SGI Releases New HPC Blade Platform



By Allison Proffitt

August 8, 2007 |  SGI’s recently announced Altix ICE product is positioned to bridge the divide between the high-throughput and high-performance environments. ICE is based on the Intel 5000X chipset and features 32GB of memory per blade, with up to 512 Intel Xeon processor cores per rack delivering 6 TFLOPS of performance.

“Customers are tired of clusters,” SGI sciences segment manager, Michael Brown, told Bio•IT World, listing problems such as productivity disappointments and struggles powering and cooling clusters. But SGI thinks the Altix ICE solution will alleviate many of those headaches.

ICE relies on several technologies to offer what SGI promises is breakthrough reliability, density, simplicity, power, and cooling options. SGI expects these advances to make ICE a logical solution for life science tasks requiring both multiple CPU cores per job and multiple parallel jobs.

ICE is n+1 configured; power and cooling backups are redundant, but conserved. If a power supply or fan fails, the system is hot-swapped to the remaining supplies until the problem is fixed.

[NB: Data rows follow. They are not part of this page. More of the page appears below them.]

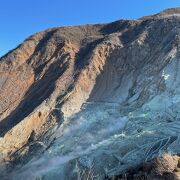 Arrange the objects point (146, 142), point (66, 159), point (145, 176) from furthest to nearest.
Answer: point (66, 159)
point (146, 142)
point (145, 176)

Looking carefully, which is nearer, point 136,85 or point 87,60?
point 136,85

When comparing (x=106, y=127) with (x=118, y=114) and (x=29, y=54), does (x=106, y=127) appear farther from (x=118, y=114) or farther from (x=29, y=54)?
(x=29, y=54)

Paired with SGI’s “ESP” software that contacts SGI when a feature malfunctions, the configuration is reliable and efficient. “We’ve had SGI call [an ICE early user] about a fan failure, and the site didn’t even know there was a problem,” said Brown. The fixes were made without any system interruption.

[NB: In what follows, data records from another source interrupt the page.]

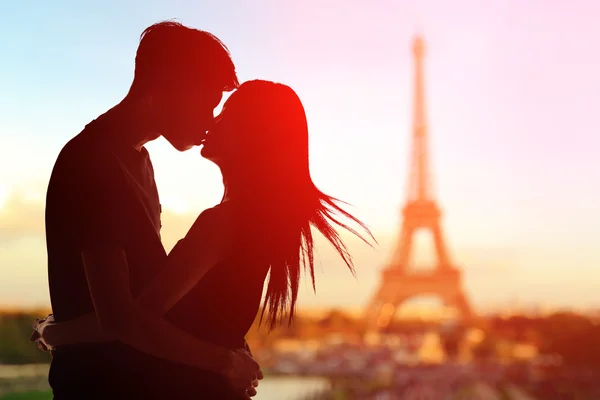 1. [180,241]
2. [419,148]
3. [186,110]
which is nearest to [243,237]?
[180,241]

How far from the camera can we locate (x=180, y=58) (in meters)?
0.84

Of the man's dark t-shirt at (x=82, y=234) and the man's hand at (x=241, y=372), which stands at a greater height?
the man's dark t-shirt at (x=82, y=234)

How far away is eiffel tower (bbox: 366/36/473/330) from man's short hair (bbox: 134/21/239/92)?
10.5 m

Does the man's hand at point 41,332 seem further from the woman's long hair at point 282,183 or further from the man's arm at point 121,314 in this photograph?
the woman's long hair at point 282,183

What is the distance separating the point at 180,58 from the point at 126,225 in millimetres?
213

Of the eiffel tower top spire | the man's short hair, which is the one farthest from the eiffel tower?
the man's short hair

Using SGI Altix 4700 innovations, the system runs at 76% energy efficiency at the rack level, and is cooled with a multi-door water cooling system. Especially for smaller bioscience operations, said Brown, the dense configuration of each rack and the efficiency of the cooling system will allow organizations to pack more racks into smaller space.

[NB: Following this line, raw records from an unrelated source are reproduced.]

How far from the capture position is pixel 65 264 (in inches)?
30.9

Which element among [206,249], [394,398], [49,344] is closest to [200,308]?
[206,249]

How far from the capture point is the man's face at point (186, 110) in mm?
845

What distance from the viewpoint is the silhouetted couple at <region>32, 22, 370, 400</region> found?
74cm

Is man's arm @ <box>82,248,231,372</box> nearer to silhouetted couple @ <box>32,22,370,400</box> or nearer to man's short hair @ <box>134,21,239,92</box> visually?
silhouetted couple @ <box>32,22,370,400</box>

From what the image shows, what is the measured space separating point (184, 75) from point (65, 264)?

Finally, Brown touted the system’s scalability and performance. Operating system synchronization is integrated across nodes. A 2% increase in overhead efficiency, he said, can lead to a three-fold increase in computing power by conserving wasted cycles. In addition, InfiniBand connected storage is faster than local disk storage. The result  is a system that functions “much closer to a single system than clusters,” for less cost.

The system connects with a duel InfiniBand backplane, and can be installed and running in two hours, Brown said.